(Brian Adams for The Boston Globe)
WASILLA, Alaska - Sharing coffee and doughnuts at a plastic table in the back of Carr's Quality Center supermarket, Lou Hoffman and Dave Chatterton savored the image of their former mayor, Sarah Palin, mixing it up at a Beltway soiree.
"I can see her sitting at a party and they're talking about this, that, and the other," said Hoffman, an 84-year-old Air Force veteran. "And she asks, 'How many guns do you have?' "
Chatterton, a retired corrections official, burst out laughing. " 'And what caliber are they?' " he said.
As Palin prepares to accept the Republican nomination for vice president tonight, in a speech that will mark her sudden ascent to national fame, neighbors in her Alaskan town are responding with a mix of pride, amazement, and, in some cases, trepidation.

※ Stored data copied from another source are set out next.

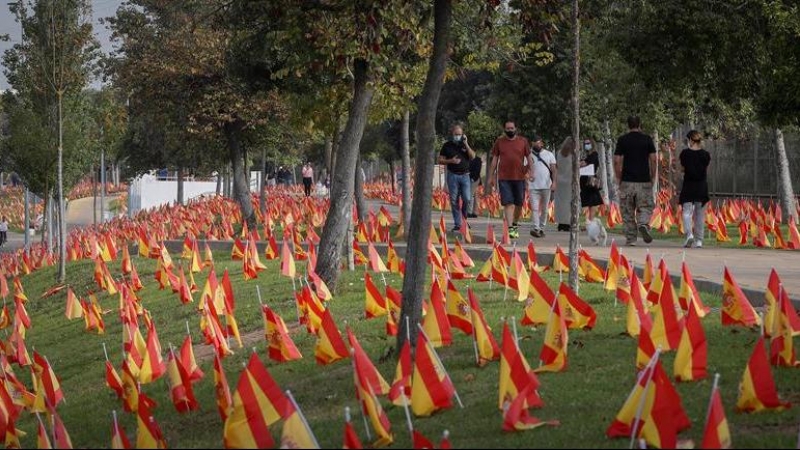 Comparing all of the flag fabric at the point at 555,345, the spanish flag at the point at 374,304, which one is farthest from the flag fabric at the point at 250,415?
the spanish flag at the point at 374,304

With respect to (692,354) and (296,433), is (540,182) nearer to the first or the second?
(692,354)

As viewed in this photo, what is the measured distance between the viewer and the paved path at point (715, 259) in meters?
14.9

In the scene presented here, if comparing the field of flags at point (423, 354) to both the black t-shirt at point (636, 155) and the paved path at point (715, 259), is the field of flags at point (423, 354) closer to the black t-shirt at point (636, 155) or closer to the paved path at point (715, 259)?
the paved path at point (715, 259)

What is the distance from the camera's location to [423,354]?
333 inches

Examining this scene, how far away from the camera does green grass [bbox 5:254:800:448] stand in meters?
7.77

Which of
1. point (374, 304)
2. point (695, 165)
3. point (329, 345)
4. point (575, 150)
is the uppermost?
point (575, 150)

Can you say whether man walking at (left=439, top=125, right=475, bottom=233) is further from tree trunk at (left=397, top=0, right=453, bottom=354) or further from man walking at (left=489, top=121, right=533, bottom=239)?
tree trunk at (left=397, top=0, right=453, bottom=354)

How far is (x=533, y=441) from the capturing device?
24.8 feet

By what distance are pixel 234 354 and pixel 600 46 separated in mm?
12508

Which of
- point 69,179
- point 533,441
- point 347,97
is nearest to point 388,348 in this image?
point 533,441

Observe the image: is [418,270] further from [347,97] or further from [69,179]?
[69,179]

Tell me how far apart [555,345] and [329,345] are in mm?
2236

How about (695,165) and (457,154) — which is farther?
(457,154)

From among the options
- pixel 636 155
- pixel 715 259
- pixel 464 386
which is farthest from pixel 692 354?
pixel 636 155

From Chimo Guns, where Palin buys ammunition beneath stuffed heads of moose, caribou, and musk ox, to the green booths of the bustling Mat Su Family Restaurant, to the battered barroom of the Mug-Shot Saloon, people here are bursting with excitement that their two-fisted governor could ride into Washington and clean up the mess, the same way she took on corrupt politicians in Alaska.
"She's more woman than Hillary and she's more man than Hillary," said Cheryl Metiva, who attends Wasilla Bible Church with Palin. "She's a feminist on a mission. She's very much in touch with being a wife and a mother and a girlfriend to the women in her life."
Behind some of the bravado and sense of pride, some also harbor fears that a woman who only four years ago was building sewer lines and a new hockey rink as mayor of this town of 9,700 could be called on to handle an international crisis. "She's a very effective local leader," said Don McNamee, 57, who voted for Palin for mayor and was at the Alaska State Fair in neighboring Palmer, selling raffle tickets for the Disabled American Veterans. "But as far as being vice president, I'm concerned. She's been mayor of Wasilla. Wasilla is nothing."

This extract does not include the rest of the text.